Treatment Treatment of Stockholm syndrome is the same as for PTSD. most normally a combination of medicines for short-run sleep perturbations and psychotherapeutics for the longer-term symptoms. Cardinal footings Coping — In psychological science. a term that refers to a person’s forms of response to emphasis. Some forms of get bying may take down a person’s hazard of developing Stockholm syndrome in a surety state of affairs. Flashback — The re-emergence of a traumatic memory as a graphic remembrance of sounds. images. and esthesiss associated with the injury.

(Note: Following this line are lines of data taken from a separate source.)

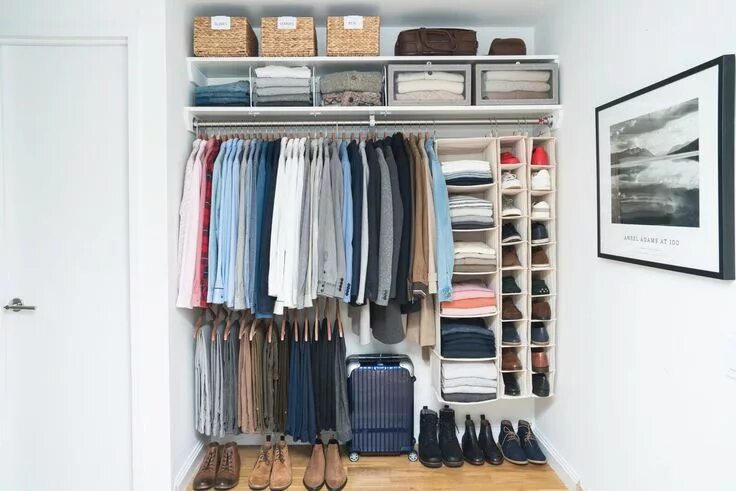 Порядок в шкафу фото Home Page Wardrobe organisation, Clothes closet organization, Closet spring clea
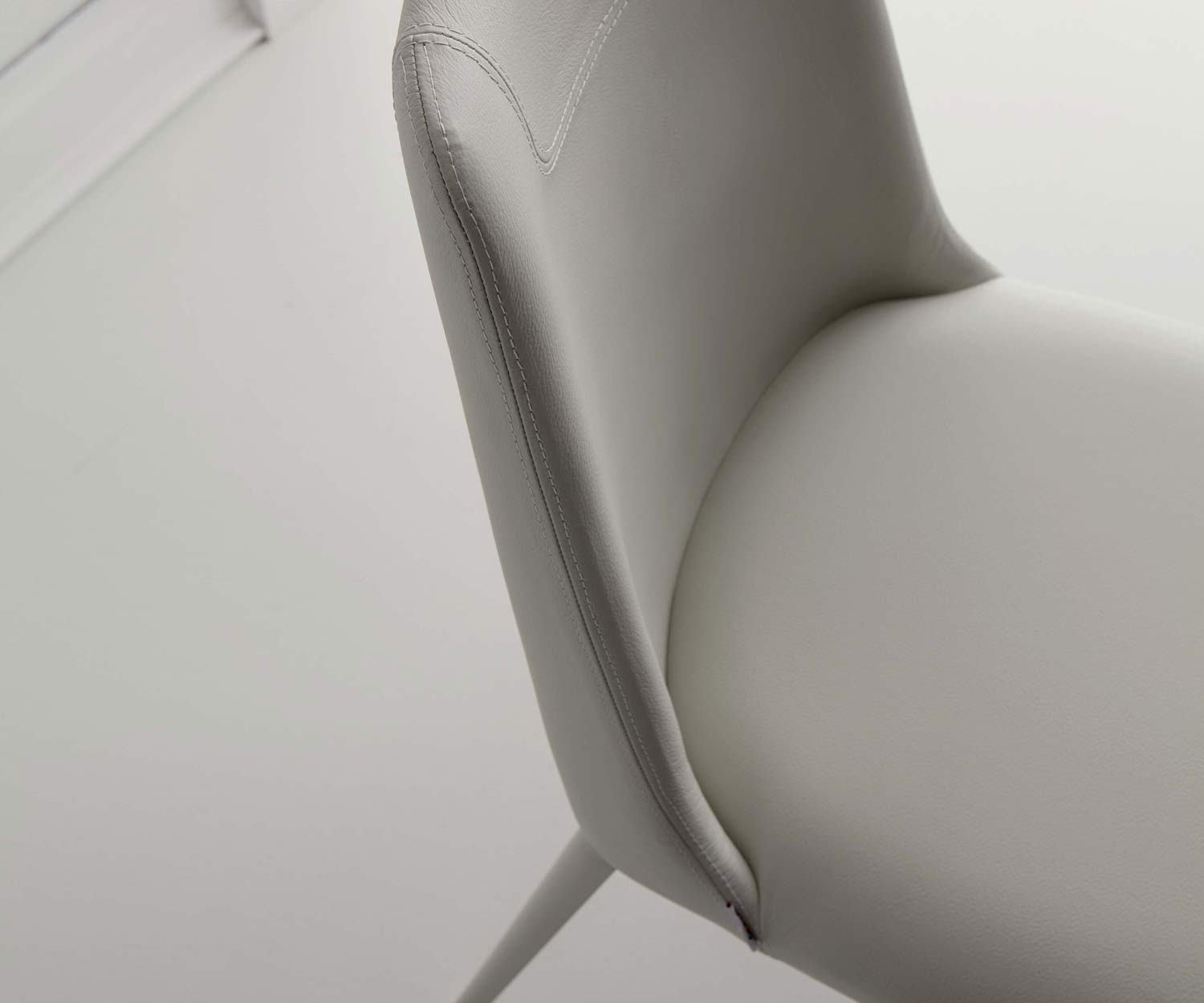 Exclusive Ozzio Design upholstered chair Sofia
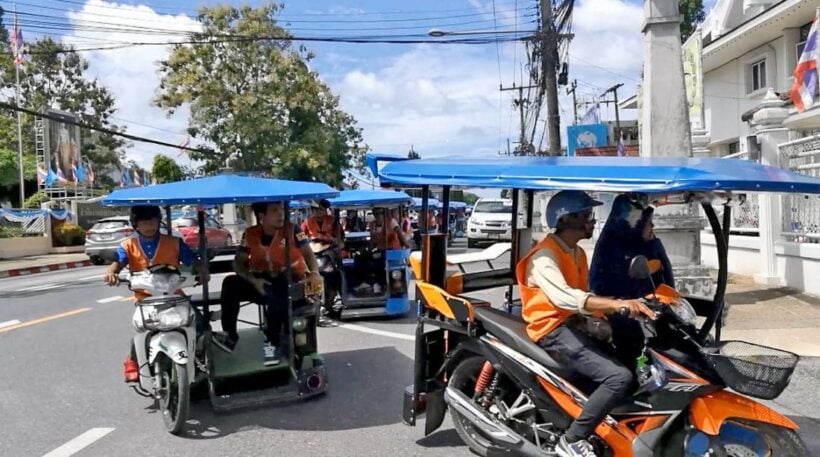 Krabi ‘Saleng’ taxi drivers protest to be allowed to carry passengers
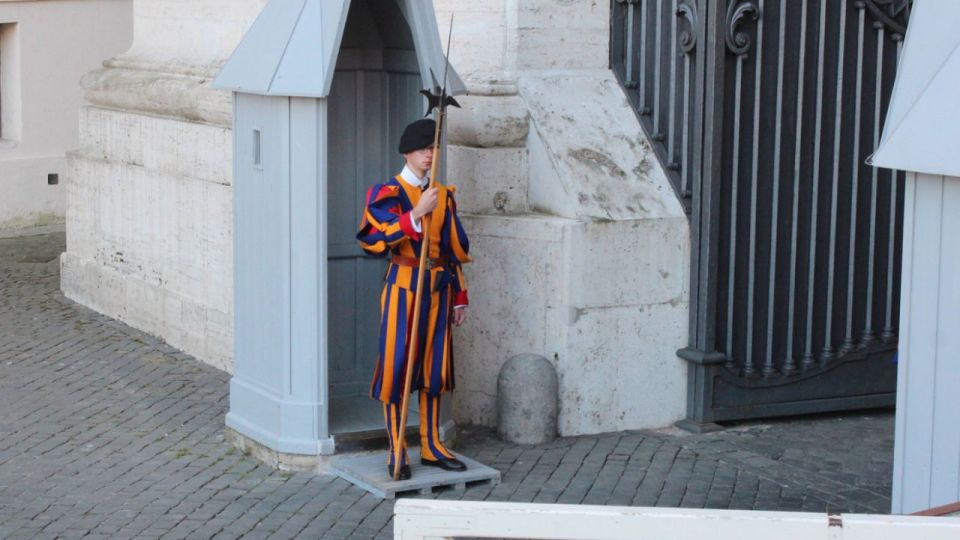 St. Peter's Dome Climb, Basilica and Vatacombs Tour - What to wear, what to bring, and what might slow you down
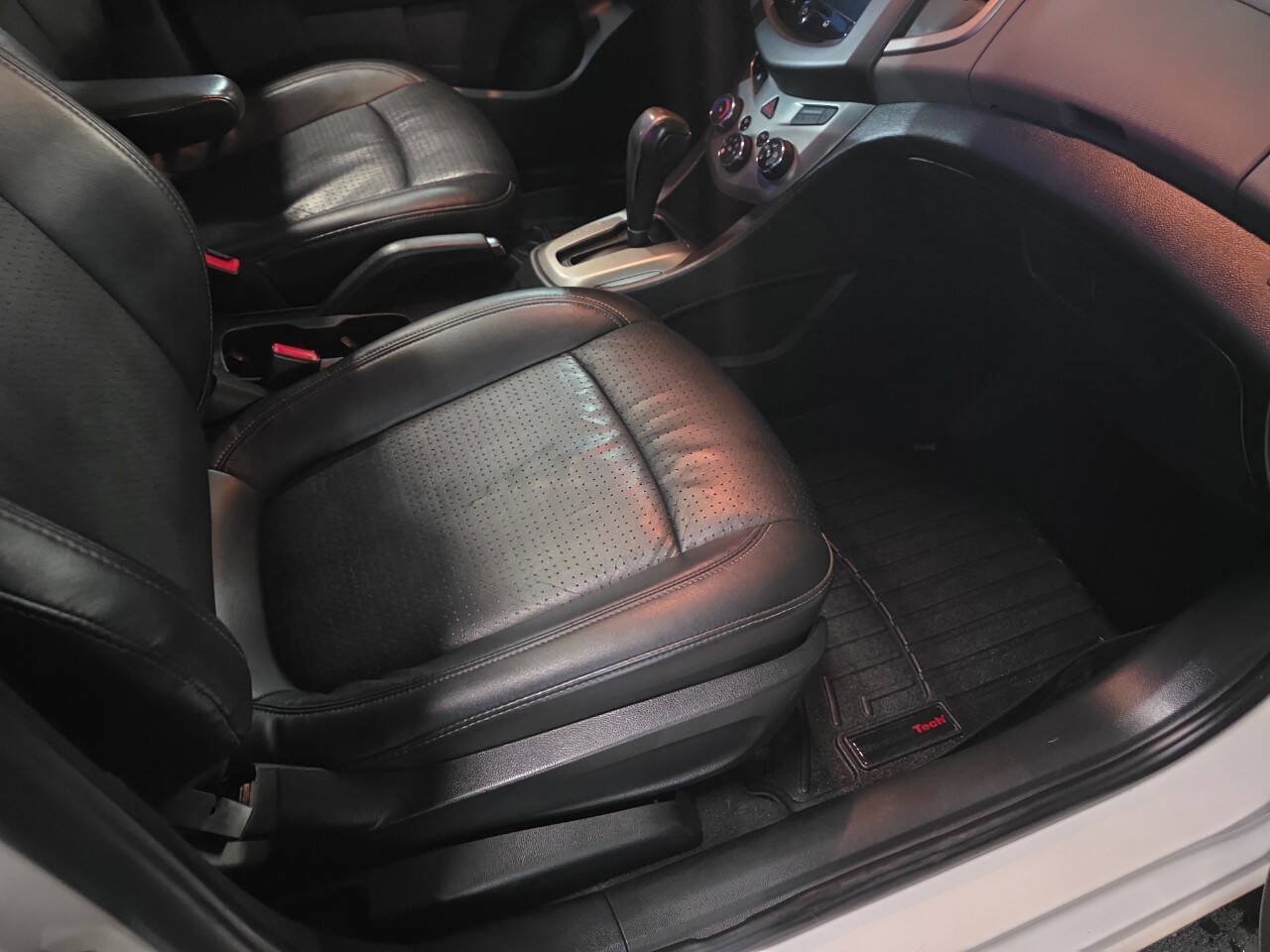 Used 2013 Chevrolet Sonic LTZ FWD image 15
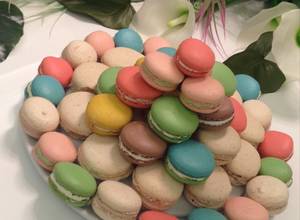 Hình của món Bánh Macarons bảy sắc cầu vồng.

The individual holding the flashback typically feels as if they are live overing the event. Flashbacks were foremost described by physicians handling combat veterans of World War I ( 1914–1918 ) . Designation with an attacker — In psychological science. an unconscious procedure in which a individual adopts the position or behaviour forms of a capturer or maltreater. Some research workers consider it a partial account of Stockholm syndrome. Regression — In psychological science. a return to earlier. normally infantile or childish. forms of idea or behaviour. Syndrome — A set of symptoms that occur together.
Prognosis The forecast for recovery from Stockholm syndrome is by and large good. but the length of intervention needed depends on several variables. These include the nature of the surety state of affairs ; the length of clip the crisis lasted. and the single patient’s general header manner and old experience ( s ) of injury. Prevention Prevention of Stockholm syndrome at the degree of the larger society includes farther development of crisis intercession accomplishments on the portion of jurisprudence enforcement every bit good as schemes to forestall snatch or hostage-taking incidents in the first topographic point.
Prevention at the single degree is hard as of the early 2000s because research workers have non been able to place all the factors that may put some individuals at greater hazard than others ; in add-on. they disagree on the specific psychological mechanisms involved in Stockholm syndrome. Some regard the syndrome as a signifier of arrested development ( return to childish forms of idea or action ) while others explain it in footings of emotional palsy ( “frozen fright” ) or designation with the attacker.